▸ Problem: Return only that part of the material below which starts with the line containing "Office for Sale Partly Furnished on Bangna" and goes on through the line containing "Trackless MT5T Ostale", restated exactly.

*** Opening Information supplied ***

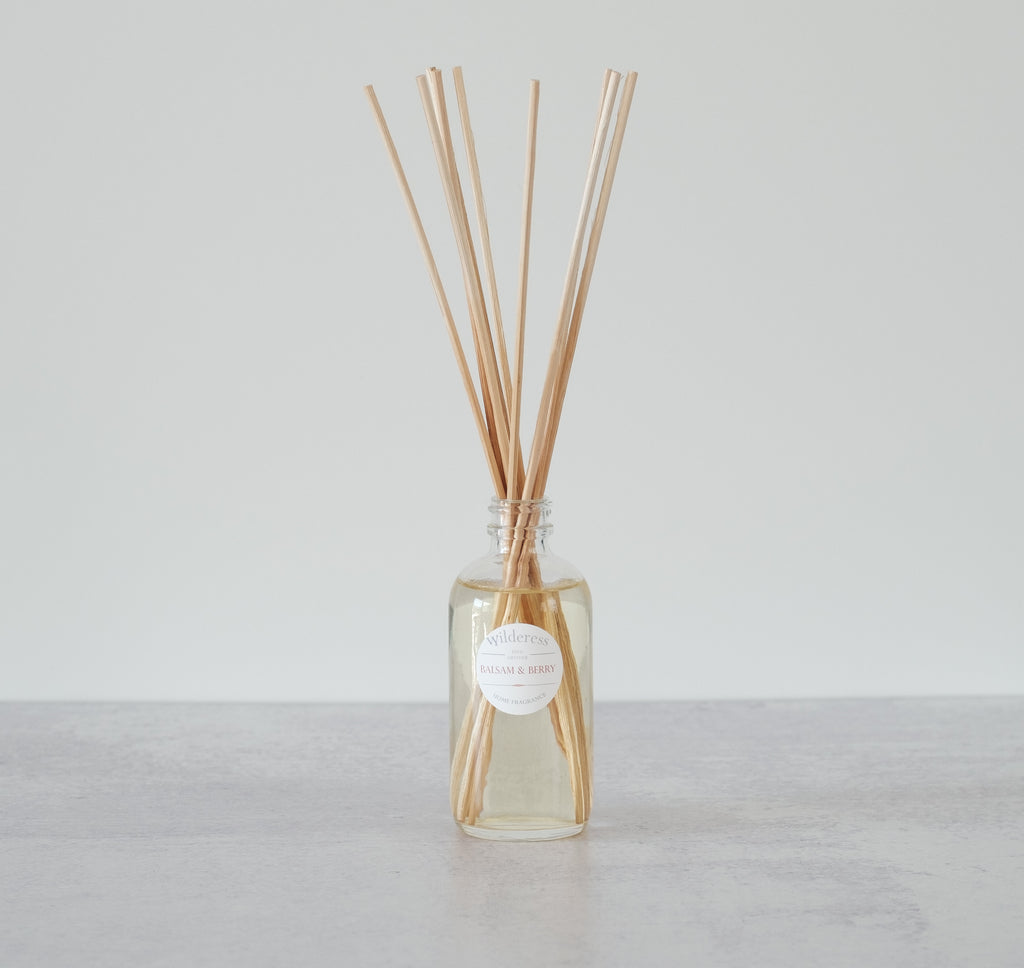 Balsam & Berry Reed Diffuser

*** Closing Information supplied ***
*** Opening Information supplied ***

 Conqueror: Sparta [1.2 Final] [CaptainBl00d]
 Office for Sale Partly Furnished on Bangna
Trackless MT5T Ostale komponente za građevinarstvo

*** Closing Information supplied ***

▸ Exercise solution:
 Office for Sale Partly Furnished on Bangna
Trackless MT5T Ostale komponente za građevinarstvo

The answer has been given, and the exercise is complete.